How to Read 100s of Millions of Records per Second from a Single Disk - cwinter
https://clemenswinter.com/2018/08/13/how-read-100s-of-millions-of-records-per-second-from-a-single-disk/
======
dang
[https://news.ycombinator.com/item?id=17492234](https://news.ycombinator.com/item?id=17492234)

------
gopalv
Hard-disks aren't slouches when it comes to sequential throughput, but
building around disks has some serious non-future-proof consequences.

Building things for spinning disks is a cul-de-sac, which has no exit over
onto the faster characteristics of SSDs.

A significant part of Hadoop is built around the idea that "random = bad,
sequential = good" and this is still arguably true when it comes to writes.

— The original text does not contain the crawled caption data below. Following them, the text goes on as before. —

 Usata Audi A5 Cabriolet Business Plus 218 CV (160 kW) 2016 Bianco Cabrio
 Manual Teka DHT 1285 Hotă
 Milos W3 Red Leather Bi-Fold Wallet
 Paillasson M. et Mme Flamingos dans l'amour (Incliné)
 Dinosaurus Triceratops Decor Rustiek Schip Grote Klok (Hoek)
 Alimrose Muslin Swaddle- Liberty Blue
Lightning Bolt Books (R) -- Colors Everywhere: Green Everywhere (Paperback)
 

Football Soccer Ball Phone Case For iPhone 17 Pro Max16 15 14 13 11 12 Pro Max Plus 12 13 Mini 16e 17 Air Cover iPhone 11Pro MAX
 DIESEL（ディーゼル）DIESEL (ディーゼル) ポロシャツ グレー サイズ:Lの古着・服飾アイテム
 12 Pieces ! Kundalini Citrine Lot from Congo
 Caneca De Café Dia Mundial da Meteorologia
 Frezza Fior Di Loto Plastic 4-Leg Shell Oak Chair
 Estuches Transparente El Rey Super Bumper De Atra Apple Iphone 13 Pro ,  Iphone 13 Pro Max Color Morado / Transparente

However, building around sequential reads gives you the wrong idea when the
hardware changes underneath you.

I see a tiny sign of that in this post, where it talks about the smarter data
partitioning.

For example, when dealing something like a join, a spilling sequential write
join like Grace hash-join works much better than a memory mapped hashtable for
spinning disks - however a grace join will be crushed by a better random IOPS
driven SSD.

Also, if the author is reading this - Zlib isn't a slouch either (just like a
spinning disk), the trick is to use the right combination of Zlib parameters.
Compression will be slower with Zlib, but the read throughput of Zlib can
exceed the performance of memcpy of the same data depending on your data
conditions (look for inflate_fast and inflate_slow).

And if you're getting into the business of improving sequential reads, the
next big trick for systems is vertical row partitioning of data (think of
TPC-H, except now you stored L_COMMENT in a separate file).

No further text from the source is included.